Write SQL to compare exclusive category engagement
Company: Meta
Role: Data Scientist
Category: Data Manipulation (SQL/Python)
Difficulty: Medium
Interview Round: Onsite
You are given session-level data and must compare engagement between users who exclusively used the 'social' category versus those who exclusively used the 'game' category in a fixed window. Use the 28-day window from 2025-08-04 to 2025-09-01 inclusive. Define two mutually exclusive cohorts: 'social_only' users had ≥1 'social' session and 0 'game' sessions in the window; 'game_only' users had ≥1 'game' session and 0 'social' sessions. Exclude everyone else (including users with both categories or only 'other'). Compute, for each cohort: (1) users_count; (2) median_active_days (median over users of distinct calendar days with ≥1 session); (3) pct_users_active_10_plus_days (share of users with active_days ≥ 10); and (4) avg_minutes_per_active_day (for each user, total duration_minutes in the window divided by that user's active_days; then average across users). Return one row per cohort with columns: cohort, users_count, median_active_days, pct_users_active_10_plus_days, avg_minutes_per_active_day. Assume standard SQL (e.g., PostgreSQL). Handle data quality by ignoring sessions with NULL category or duration_minutes ≤ 0. Schema and small sample data:
Schema:
users(user_id INT, signup_date DATE)
sessions(session_id INT, user_id INT, session_start TIMESTAMP, session_end TIMESTAMP, category VARCHAR, duration_minutes INT)
Sample tables (ASCII):
users
+---------+-------------+
| user_id | signup_date |
+---------+-------------+
| 1 | 2025-07-15 |
| 2 | 2025-08-10 |
| 3 | 2025-08-20 |
| 4 | 2025-08-25 |
+---------+-------------+
sessions
+------------+---------+---------------------+---------------------+----------+-----------------+
| session_id | user_id | session_start | session_end | category | duration_minutes|
+------------+---------+---------------------+---------------------+----------+-----------------+
| 101 | 1 | 2025-08-05 10:00:00 | 2025-08-05 10:30:00 | social | 30 |
| 102 | 1 | 2025-08-06 10:00:00 | 2025-08-06 10:20:00 | social | 20 |
| 103 | 2 | 2025-08-07 09:00:00 | 2025-08-07 10:00:00 | game | 60 |
| 104 | 2 | 2025-08-08 09:00:00 | 2025-08-08 09:45:00 | game | 45 |
| 105 | 3 | 2025-08-09 12:00:00 | 2025-08-09 12:10:00 | social | 10 |
| 106 | 3 | 2025-08-13 12:00:00 | 2025-08-13 12:10:00 | game | 10 |
| 107 | 4 | 2025-08-11 14:00:00 | 2025-08-11 14:30:00 | game | 30 |
+------------+---------+---------------------+---------------------+----------+-----------------+
Write a single SQL query (CTEs allowed) that produces the required output for the given window, correctly excluding mixed-category users and handling the data quality constraints.
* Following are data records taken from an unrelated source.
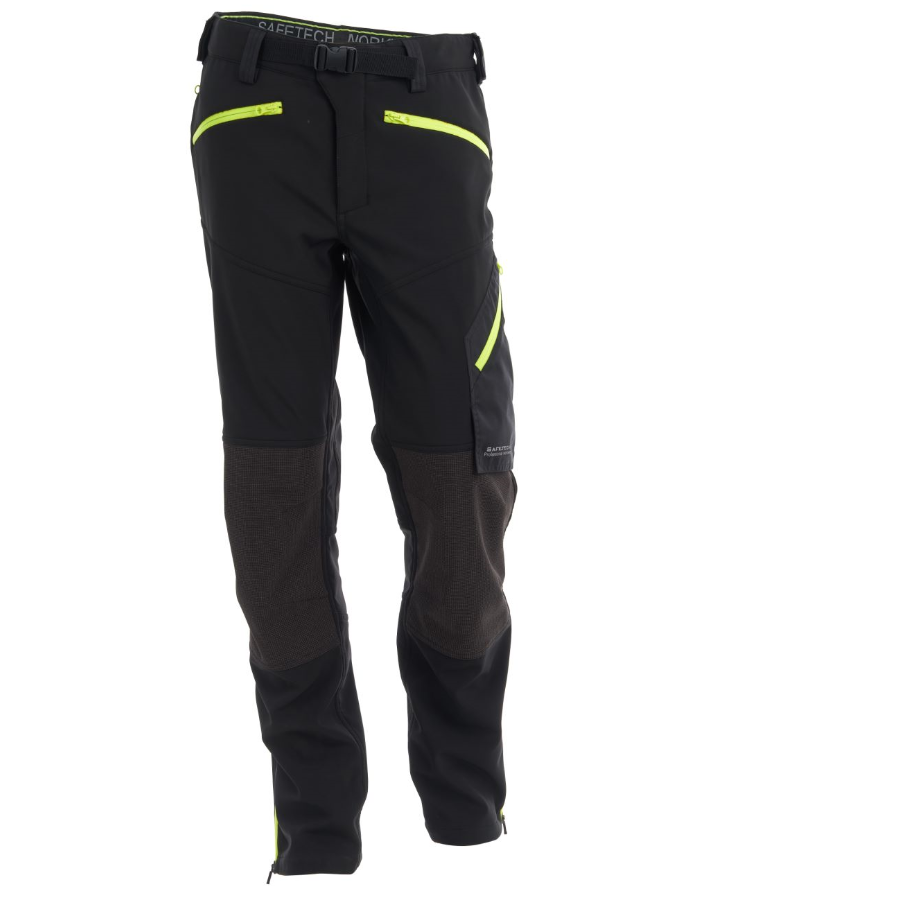 Oxford Men's Professional Work Pants With Fluorescent Zippers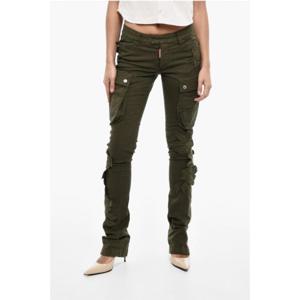 디스퀘어드2 스트레이트 팬츠 S72KA1239 D35013 695 Military Gr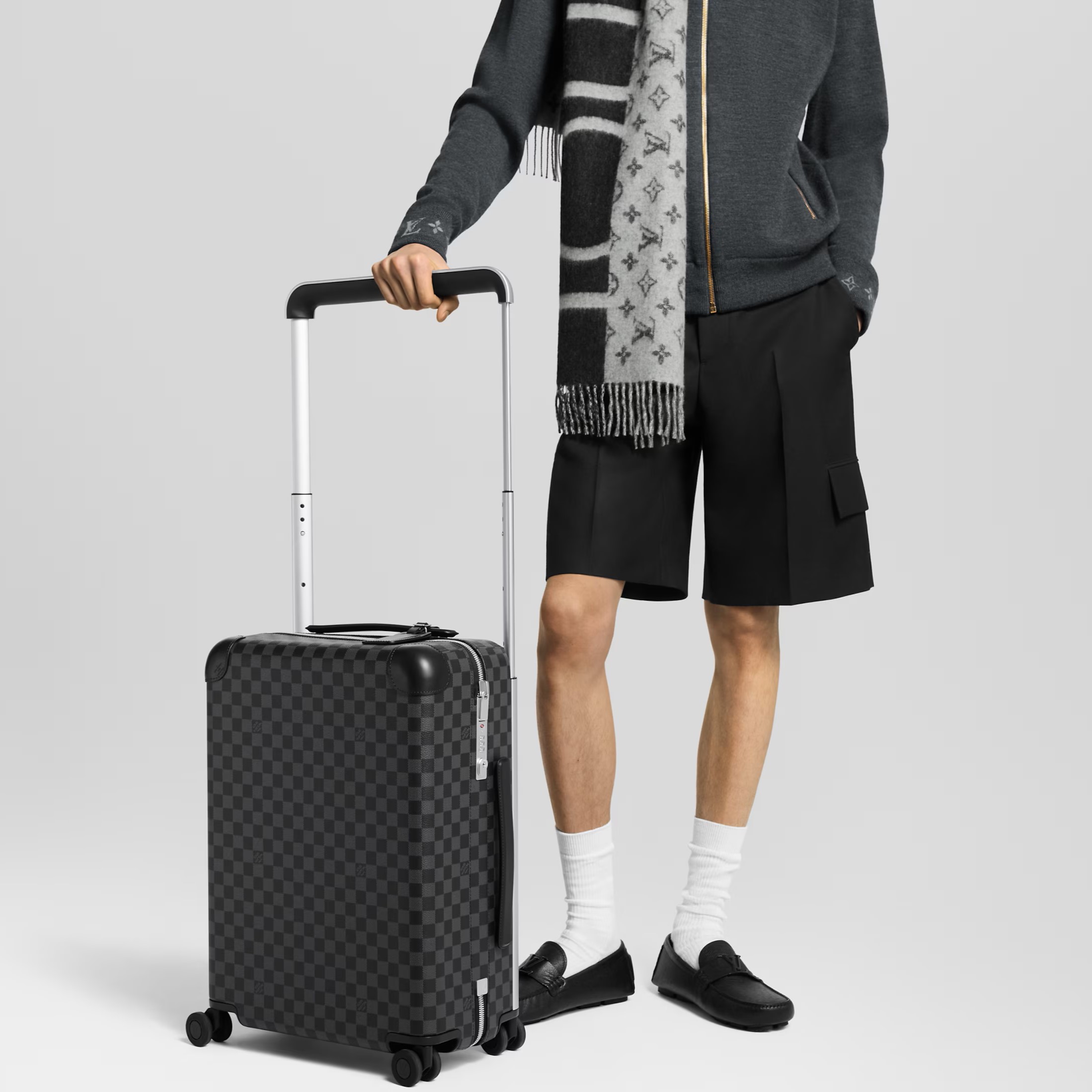 Vali LV Louis Vuitton Horizon 55 Damier Graphite Canvas 9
Quick Answer: This question evaluates SQL-based data manipulation and cohort analysis competencies, including cohort definition, session-level filtering and aggregation for metrics such as user counts, median active days, proportions, and per-user average minutes while applying data-quality constraints over a fixed date window.